§ **Excerpted data**:
════════════════════

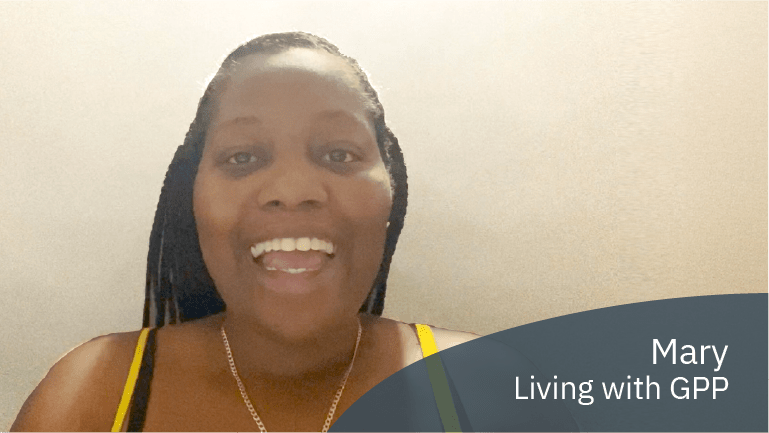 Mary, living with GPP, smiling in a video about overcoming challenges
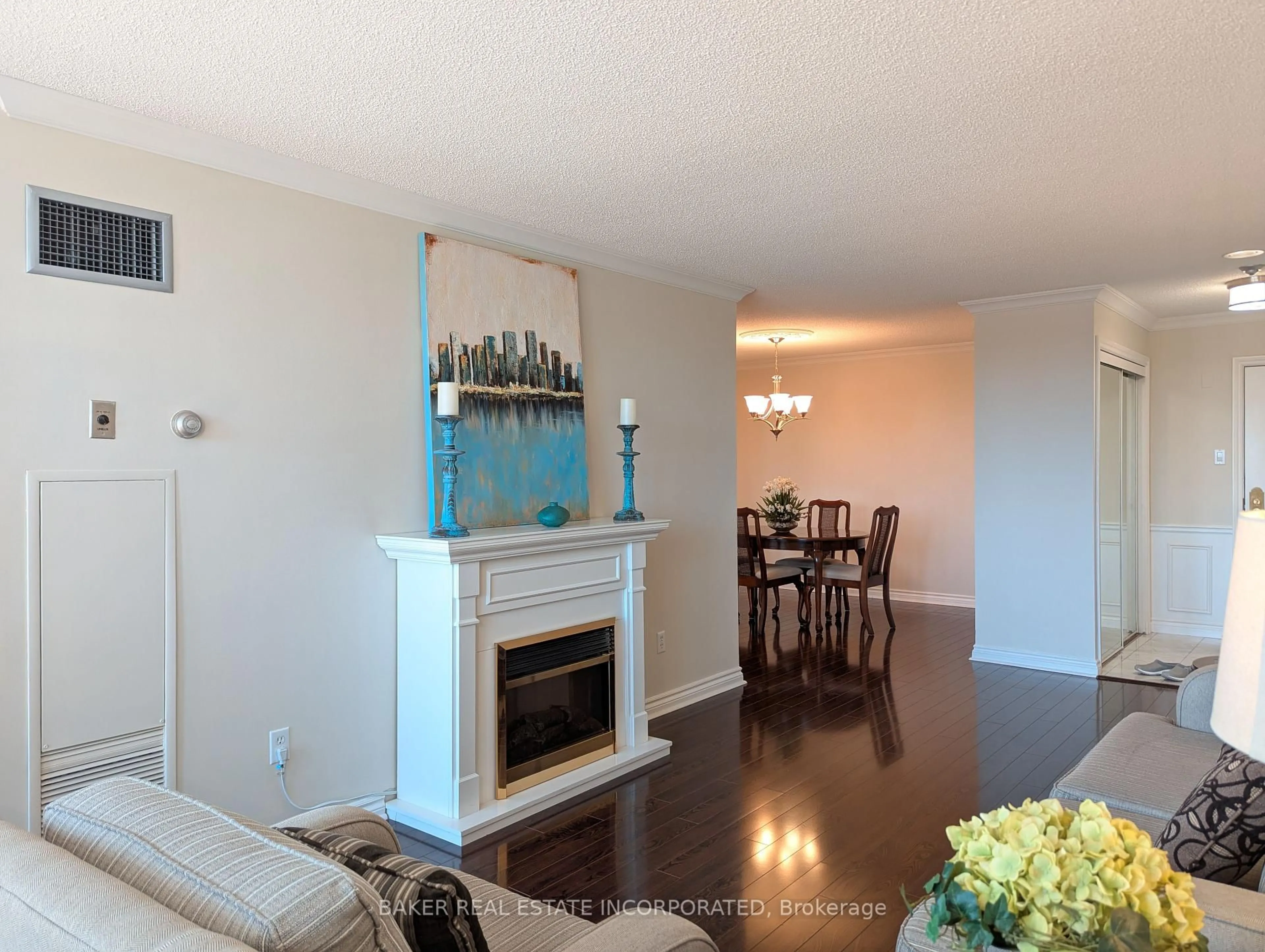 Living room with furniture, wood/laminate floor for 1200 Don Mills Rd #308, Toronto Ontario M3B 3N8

════════════════════

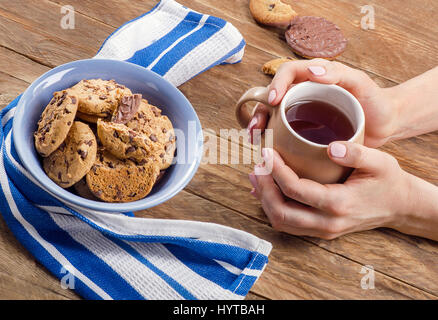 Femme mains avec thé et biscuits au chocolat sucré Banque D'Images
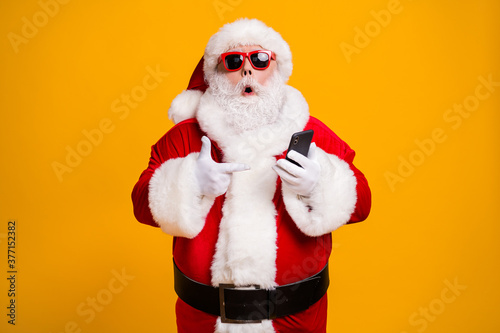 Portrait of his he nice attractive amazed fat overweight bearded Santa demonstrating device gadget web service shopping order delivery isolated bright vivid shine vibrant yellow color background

════════════════════

§ **What needs to be done**: Would you transcribe the lines above exactly, going from the line bearing "Mary, living with" through the line bearing "Living room with", and drop the pictures from the copy?

§ **Task result**:
 Mary, living with GPP, smiling in a video about overcoming challenges
 Living room with furniture, wood/laminate floor for 1200 Don Mills Rd #308, Toronto Ontario M3B 3N8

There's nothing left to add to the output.